Everything in the data must be repeated exactly, apart from the pictures, which are left out.
(Data section)
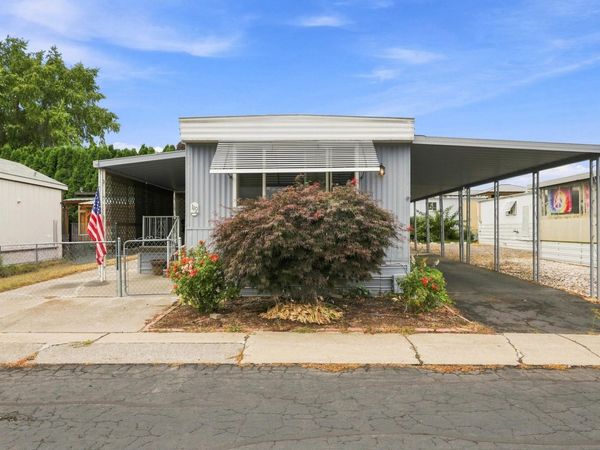1211 E Lyons Ave, Spokane, WA 99208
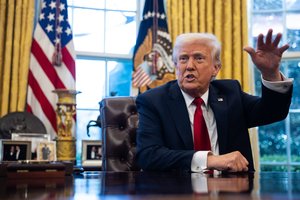 Iš D. Trumpo – pareiškimas, kad rimtai svarsto siekti trečiosios kadencijos: „Yra būdų“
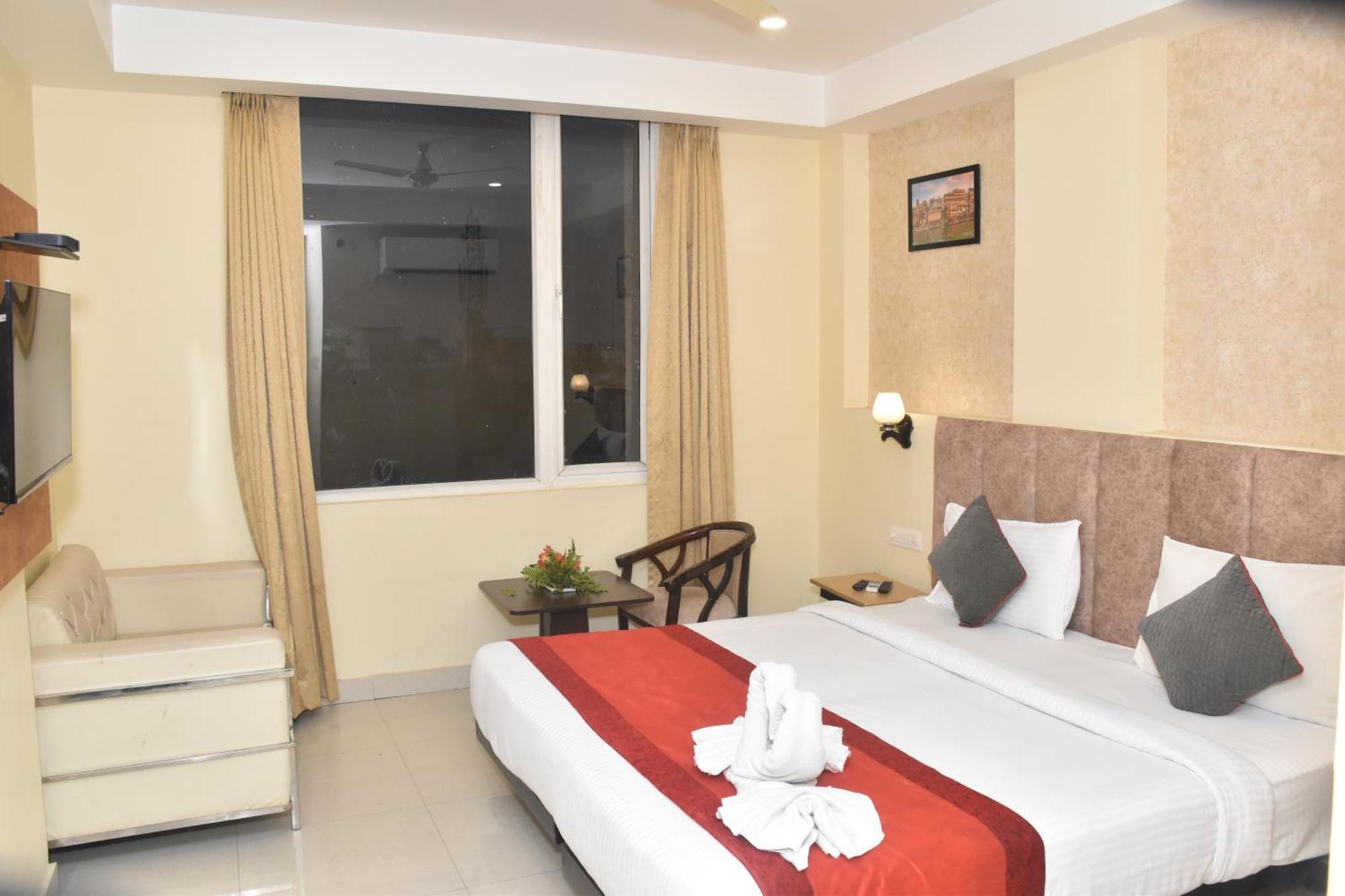 Hotel Yatharth Inn พาราณสี ภายนอก รูปภาพ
(End Data section)
### [Finished task]
1211 E Lyons Ave, Spokane, WA 99208
 Iš D. Trumpo – pareiškimas, kad rimtai svarsto siekti trečiosios kadencijos: „Yra būdų“
 Hotel Yatharth Inn พาราณสี ภายนอก รูปภาพ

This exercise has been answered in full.